# [Work task]
Whichever lines include the word "Additional", copy them as they appear in the data.

----------

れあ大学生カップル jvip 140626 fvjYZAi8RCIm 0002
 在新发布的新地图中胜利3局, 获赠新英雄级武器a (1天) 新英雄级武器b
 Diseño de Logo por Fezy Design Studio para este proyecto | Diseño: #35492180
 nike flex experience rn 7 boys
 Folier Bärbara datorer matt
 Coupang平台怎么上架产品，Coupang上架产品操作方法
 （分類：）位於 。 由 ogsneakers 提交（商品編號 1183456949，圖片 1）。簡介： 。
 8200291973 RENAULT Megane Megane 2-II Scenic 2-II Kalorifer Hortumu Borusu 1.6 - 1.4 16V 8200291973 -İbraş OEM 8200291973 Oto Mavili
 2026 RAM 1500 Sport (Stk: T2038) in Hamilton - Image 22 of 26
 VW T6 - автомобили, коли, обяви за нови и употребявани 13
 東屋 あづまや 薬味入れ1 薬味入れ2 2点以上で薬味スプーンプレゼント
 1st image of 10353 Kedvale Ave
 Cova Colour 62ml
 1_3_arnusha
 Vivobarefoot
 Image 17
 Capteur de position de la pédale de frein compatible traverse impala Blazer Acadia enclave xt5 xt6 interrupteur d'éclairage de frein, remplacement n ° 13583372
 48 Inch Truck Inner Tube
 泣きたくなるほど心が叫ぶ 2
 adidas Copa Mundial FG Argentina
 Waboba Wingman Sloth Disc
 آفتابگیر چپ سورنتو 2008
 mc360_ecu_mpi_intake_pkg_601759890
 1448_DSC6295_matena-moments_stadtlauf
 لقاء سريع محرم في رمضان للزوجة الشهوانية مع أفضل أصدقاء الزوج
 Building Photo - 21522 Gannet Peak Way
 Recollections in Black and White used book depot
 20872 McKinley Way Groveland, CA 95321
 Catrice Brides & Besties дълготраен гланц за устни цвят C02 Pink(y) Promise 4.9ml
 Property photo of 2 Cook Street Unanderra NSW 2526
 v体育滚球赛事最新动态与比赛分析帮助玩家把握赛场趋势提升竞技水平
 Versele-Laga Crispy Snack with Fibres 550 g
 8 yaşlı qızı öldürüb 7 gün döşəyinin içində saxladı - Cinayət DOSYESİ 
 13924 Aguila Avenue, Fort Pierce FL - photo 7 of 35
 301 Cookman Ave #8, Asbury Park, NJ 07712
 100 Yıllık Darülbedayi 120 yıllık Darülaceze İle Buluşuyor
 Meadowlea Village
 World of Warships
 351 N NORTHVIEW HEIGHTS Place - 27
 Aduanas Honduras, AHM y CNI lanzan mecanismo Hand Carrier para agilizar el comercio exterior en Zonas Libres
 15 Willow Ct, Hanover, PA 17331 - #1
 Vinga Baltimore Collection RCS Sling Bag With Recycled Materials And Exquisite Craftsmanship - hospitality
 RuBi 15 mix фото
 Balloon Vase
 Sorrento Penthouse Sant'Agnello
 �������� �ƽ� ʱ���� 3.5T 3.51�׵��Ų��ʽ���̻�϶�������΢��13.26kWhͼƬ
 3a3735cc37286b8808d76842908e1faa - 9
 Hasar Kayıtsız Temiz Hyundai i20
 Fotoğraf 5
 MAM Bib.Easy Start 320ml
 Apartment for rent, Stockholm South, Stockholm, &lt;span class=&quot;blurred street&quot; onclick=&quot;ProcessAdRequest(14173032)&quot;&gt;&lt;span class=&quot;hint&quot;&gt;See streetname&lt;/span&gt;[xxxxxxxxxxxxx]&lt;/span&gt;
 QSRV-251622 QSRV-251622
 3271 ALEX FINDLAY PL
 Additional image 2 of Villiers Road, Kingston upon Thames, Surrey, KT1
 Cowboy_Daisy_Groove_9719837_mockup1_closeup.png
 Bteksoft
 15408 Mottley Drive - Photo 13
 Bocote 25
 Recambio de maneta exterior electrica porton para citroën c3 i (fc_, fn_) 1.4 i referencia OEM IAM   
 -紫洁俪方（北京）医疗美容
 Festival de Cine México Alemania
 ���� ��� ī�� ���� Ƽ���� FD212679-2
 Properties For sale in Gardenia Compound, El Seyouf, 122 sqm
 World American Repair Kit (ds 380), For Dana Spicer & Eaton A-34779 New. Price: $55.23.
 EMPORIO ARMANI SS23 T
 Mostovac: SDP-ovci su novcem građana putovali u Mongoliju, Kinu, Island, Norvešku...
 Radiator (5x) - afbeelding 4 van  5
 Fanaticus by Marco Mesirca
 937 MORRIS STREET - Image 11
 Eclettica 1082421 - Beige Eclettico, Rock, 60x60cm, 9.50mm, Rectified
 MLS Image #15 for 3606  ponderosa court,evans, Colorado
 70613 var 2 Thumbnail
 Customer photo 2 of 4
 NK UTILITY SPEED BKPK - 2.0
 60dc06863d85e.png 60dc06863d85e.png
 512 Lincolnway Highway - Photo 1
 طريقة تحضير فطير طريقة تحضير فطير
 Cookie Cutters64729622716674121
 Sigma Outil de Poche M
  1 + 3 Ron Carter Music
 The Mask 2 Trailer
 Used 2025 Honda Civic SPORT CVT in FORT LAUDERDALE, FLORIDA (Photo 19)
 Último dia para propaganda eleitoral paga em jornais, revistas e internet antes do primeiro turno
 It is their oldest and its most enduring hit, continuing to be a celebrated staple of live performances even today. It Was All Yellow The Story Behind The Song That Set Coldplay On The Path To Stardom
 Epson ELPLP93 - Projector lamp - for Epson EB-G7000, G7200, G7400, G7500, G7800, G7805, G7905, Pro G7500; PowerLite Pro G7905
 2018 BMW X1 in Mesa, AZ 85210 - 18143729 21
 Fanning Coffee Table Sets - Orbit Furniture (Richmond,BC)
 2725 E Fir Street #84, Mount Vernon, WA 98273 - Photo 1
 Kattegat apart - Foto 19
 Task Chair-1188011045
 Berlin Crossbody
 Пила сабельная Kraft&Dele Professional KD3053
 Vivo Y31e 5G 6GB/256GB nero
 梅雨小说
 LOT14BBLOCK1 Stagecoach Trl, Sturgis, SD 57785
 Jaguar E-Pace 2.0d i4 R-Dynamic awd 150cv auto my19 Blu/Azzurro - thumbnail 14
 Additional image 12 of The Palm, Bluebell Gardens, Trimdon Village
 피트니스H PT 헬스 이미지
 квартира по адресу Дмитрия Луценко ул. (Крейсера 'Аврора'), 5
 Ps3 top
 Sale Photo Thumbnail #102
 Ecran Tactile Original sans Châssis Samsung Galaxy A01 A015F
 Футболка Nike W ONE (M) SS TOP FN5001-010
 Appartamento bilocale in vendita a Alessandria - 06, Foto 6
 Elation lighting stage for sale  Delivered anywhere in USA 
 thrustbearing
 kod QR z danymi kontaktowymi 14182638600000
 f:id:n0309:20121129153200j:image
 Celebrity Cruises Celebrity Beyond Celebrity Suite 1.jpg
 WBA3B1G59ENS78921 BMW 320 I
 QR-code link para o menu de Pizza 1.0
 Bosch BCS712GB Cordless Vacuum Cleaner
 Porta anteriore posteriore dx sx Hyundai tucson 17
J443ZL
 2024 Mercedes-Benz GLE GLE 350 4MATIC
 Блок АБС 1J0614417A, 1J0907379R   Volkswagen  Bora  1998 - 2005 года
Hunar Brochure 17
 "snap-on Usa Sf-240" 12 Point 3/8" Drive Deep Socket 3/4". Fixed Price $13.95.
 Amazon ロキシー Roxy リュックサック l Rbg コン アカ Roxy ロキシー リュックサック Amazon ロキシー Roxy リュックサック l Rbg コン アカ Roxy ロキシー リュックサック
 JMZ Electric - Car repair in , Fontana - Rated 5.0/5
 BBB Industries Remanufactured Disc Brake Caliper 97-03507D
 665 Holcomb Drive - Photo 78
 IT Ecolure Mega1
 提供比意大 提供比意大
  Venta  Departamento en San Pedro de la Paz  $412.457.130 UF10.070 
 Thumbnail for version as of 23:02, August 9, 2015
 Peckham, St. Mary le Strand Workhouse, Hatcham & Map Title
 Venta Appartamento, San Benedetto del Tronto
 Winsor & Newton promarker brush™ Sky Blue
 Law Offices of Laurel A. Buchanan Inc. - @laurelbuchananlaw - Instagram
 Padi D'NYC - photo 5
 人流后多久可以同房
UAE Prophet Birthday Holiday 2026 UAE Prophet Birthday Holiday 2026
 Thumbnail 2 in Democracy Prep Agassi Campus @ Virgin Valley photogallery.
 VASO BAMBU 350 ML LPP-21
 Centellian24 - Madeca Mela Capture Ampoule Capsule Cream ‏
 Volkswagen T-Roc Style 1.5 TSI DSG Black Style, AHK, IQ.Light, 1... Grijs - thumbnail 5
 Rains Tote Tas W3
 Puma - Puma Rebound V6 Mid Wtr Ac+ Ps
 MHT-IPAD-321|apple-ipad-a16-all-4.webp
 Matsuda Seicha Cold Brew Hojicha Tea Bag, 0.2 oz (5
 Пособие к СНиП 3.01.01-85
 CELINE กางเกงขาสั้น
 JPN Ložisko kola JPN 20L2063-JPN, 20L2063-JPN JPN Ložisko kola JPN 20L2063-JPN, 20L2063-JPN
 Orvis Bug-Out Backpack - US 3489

----------

# [The completed task]
 Additional image 2 of Villiers Road, Kingston upon Thames, Surrey, KT1
 Additional image 12 of The Palm, Bluebell Gardens, Trimdon Village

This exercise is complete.